The world’s best footballers tend to earn jaw dropping sums of money, and their tax affairs tend to be complex, to say the least. In the past couple of years, in Spain, several, including Lionel Messi and Cristiano Ronaldo, who play for Barcelona and Real Madrid respectively and together share the mantle of “world’s best footballers” have tangled with the Spanish tax authorities over undeclared income.
Both have been convicted of “hiding” earnings within “image contracts”, and have respectively coughed up a reported $8.75m and a whopping $21.7m in fines, in exchange for a suspended jail sentences as opposed to a spell in a Spanish prison.
Now that he is moving to play for Juventus in Italy, however, Ronaldo will no longer have to worry about being pursued by the tax authorities over his income from image rights. The Italian government has recently introduced a rule that allows non-domiciled individuals residing in Italy to pay a one-off lump sum of around €100,000 to cover all tax on their worldwide earnings. In Ronaldo’s case his lucrative image rights and publicity contracts are administered by companies outside Italy, often based in offshore locations. According to a recent article in the Times, this arrangement should therefore save Ronaldo in the region of €11m per year.
Where did the Italian authorities come up with the idea for such a treatment of overseas earnings? From the British. In the UK, the right for non-domiciled residents to avoid paying tax on their overseas earnings has been enshrined since 1799, when it was introduced by King George the Third to protect those with property overseas from war taxes.
Ever since, non-dom status has regularly come under scrutiny. Why, the thinking goes, should somebody who is resident in the UK most of the time pay no tax on their overseas earnings or overseas assets?
It is not quite as simple as that. Non-doms have the option to pay tax on their overseas earnings in one of two ways. On an arising basis: whereby all an individual’s worldwide income and gains will be taxable in the UK; or on a remittance basis; whereby the individual is only taxed on money that they remit back into the UK from overseas.
If a taxpayer chooses the remittance option, there is a remittance basis charge to pay. £30,000, if the UK-resident non-UK domicile has been UK-resident for at least 7 of the previous 9 tax years, £50,00 if its 12 of the previous 14 years, and £90,000 for 17 of the previous 20 years.
So, provided they do not remit the money back into the UK in the tax year or any subsequent tax year, in theory a non-dom could pay just £30,000 tax on earnings of many millions, and every non-dom pays the same, no matter whether their overseas earnings are £100,000, or £100 million.

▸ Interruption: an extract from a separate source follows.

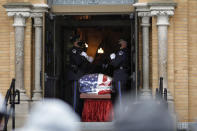 Capitol Police Officers carry the casket of their fellow officer, the late William "Billy" Evans into St. Stanislaus Kotska Church in Adams, Mass., for his funeral on Thursday, April 15, 2021. Evans was killed this month when a driver struck him and another officer at a barricade outside the Senate. (Stephanie Zollshan/The Berkshire Eagle via AP)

A recent government paper referred to a statistical survey of UK non-dom taxpayers, which revealed that:
“In 2014/15 there were 121,300 non-domiciled UK taxpayers, paying a total of £9.3 billion in income tax, NICs and capital gains tax. Of these, 54,600 were UK-residence and were taxed on the remittance basis. Of those non-domiciles taxed on the remittance basis, 5,100 individuals were liable to pay the remittance basis charge in 2014-15. This group paid £1,393m in income tax, £304m in NICs, £129m in capital gains tax, and £226m in remittance basis charges.
Non-dom status is certainly a quirky piece of tax legislation and debate rages about its place in the modern world. In a recent article for Left Foot Forward, Prem Sikka, Emeritus Professor of Accounting at the University of Essex, argues that non-dom status is a “ colonial relic and should be abolished”.
On the other hand, some argue that non-dom status attracts wealthy and influential people to UK shores; Roman Abramovich, for example, is a non-dom, as are Mick Jagger, racing driver Lewis Hamilton, and entrepreneurs Richard Branson, James Caan, banker Stuart Gulliver and Tory Party Donor Lord Ashcroft.
In the past, the Labour government has pledged to end non-dom status altogether, whilst in 2015 Chancellor George Osborne abolished the right to permanent non-dom status in a move that was expected to raise around £400m in extra tax income.
The arguments on both sides will no doubt continue. The charges for using remittance basis, introduced in 2008 by the Labour government, and increased by the Coalition government in 2011 for those who have been resident in the UK for longer, seem unlikely to stem the tide of public opinion for long.